_Work request_.
An exact reproduction of the lines below, from the first through the one with "比特派钱包地址 解决Bitpie钱包常见使用问题", is the whole answer; pictures have no place in it.

─── Supplied entries

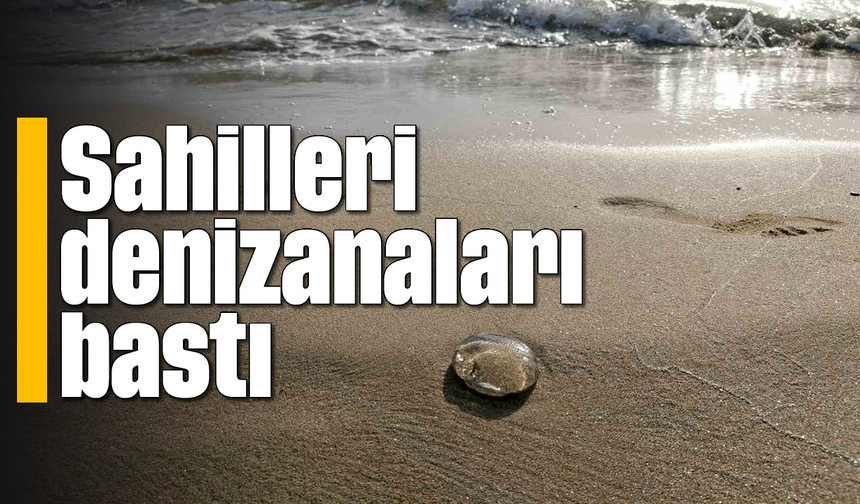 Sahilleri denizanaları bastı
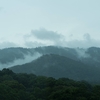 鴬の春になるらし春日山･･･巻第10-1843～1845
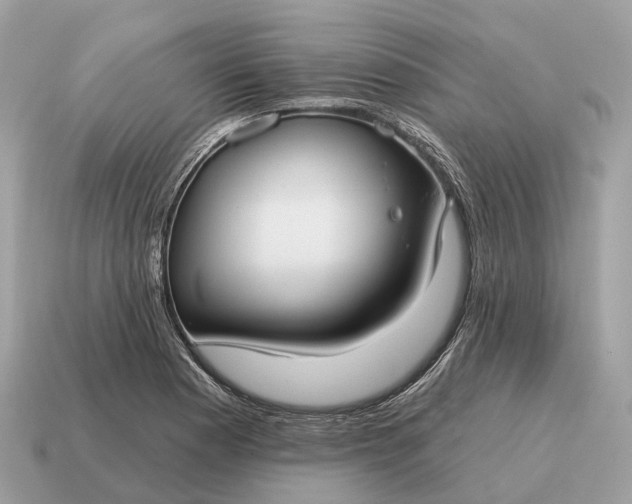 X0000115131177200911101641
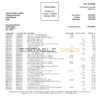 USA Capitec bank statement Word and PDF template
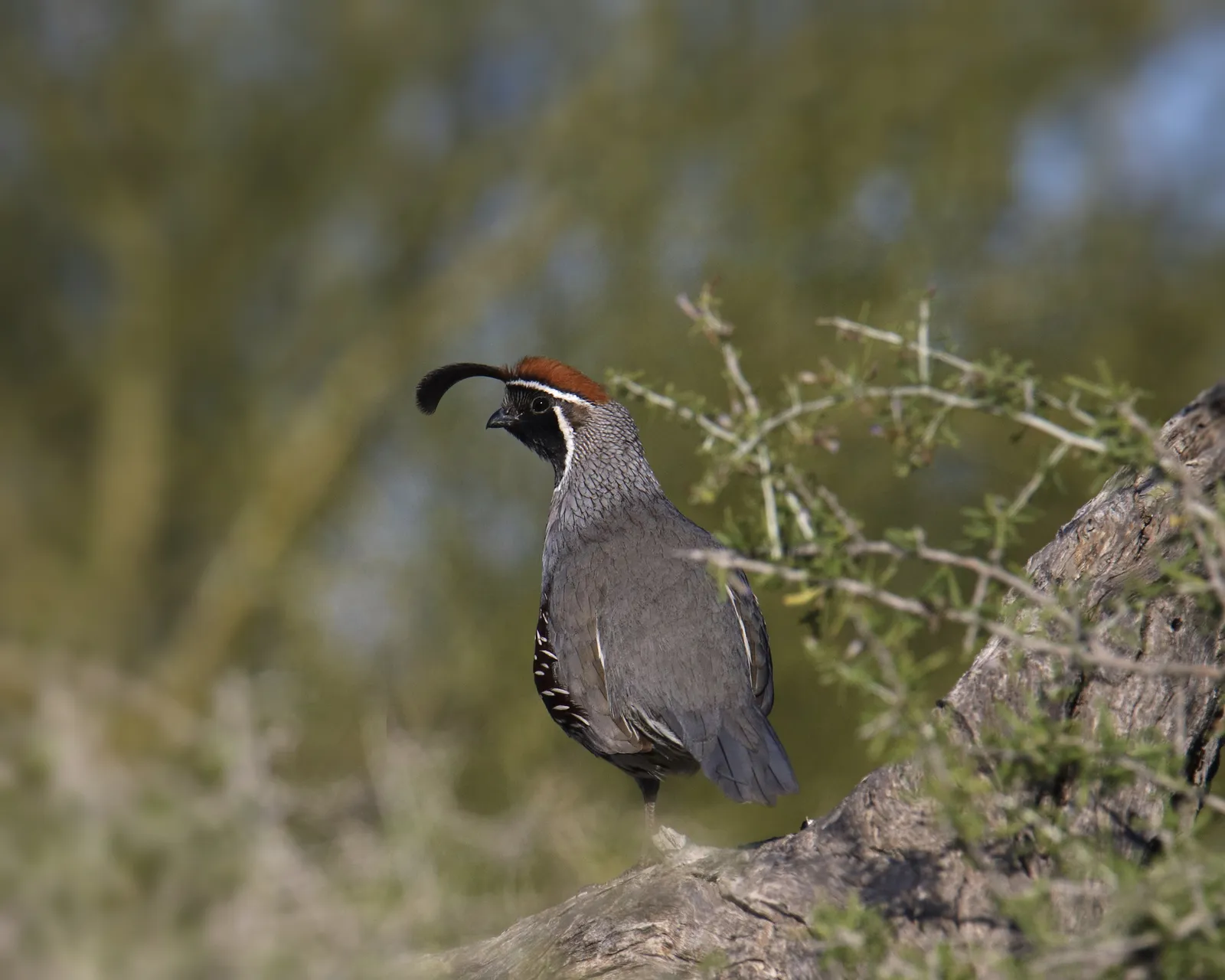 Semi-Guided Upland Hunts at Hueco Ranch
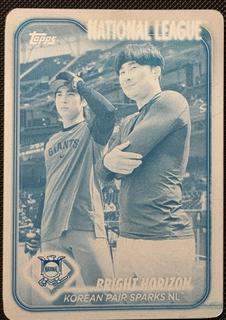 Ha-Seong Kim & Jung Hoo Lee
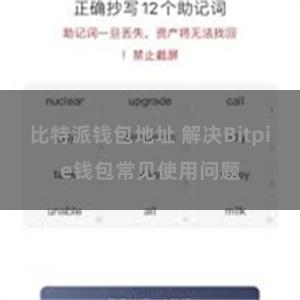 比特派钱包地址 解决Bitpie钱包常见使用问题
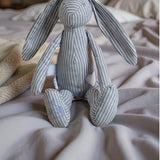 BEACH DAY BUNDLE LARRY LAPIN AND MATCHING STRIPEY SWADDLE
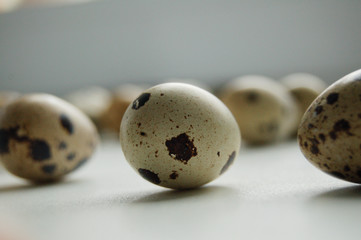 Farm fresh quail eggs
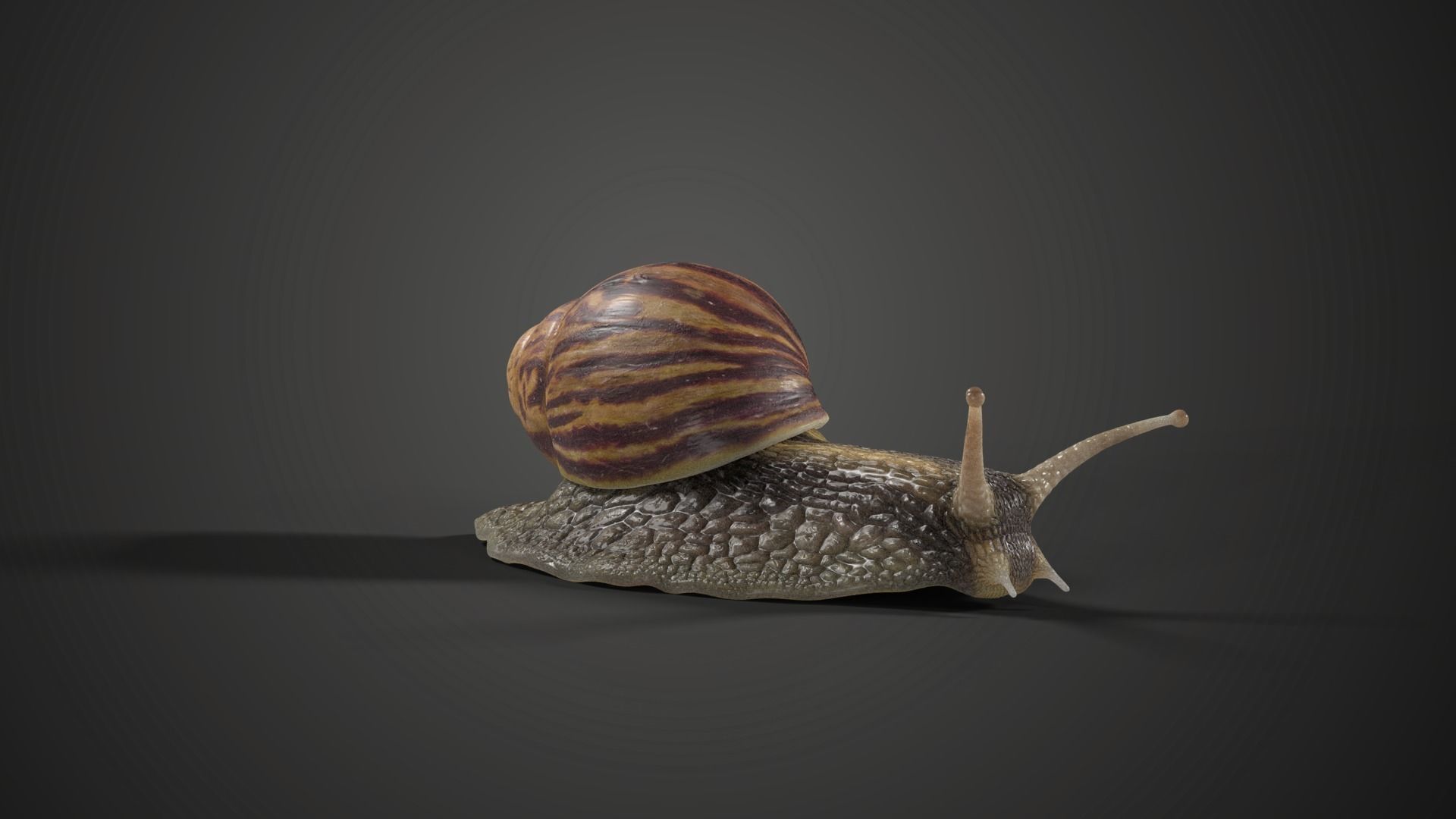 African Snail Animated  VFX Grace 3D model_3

──────

_Reply to the task_.
 Sahilleri denizanaları bastı
 鴬の春になるらし春日山･･･巻第10-1843～1845
 X0000115131177200911101641
 USA Capitec bank statement Word and PDF template
 Semi-Guided Upland Hunts at Hueco Ranch
 Ha-Seong Kim & Jung Hoo Lee
 比特派钱包地址 解决Bitpie钱包常见使用问题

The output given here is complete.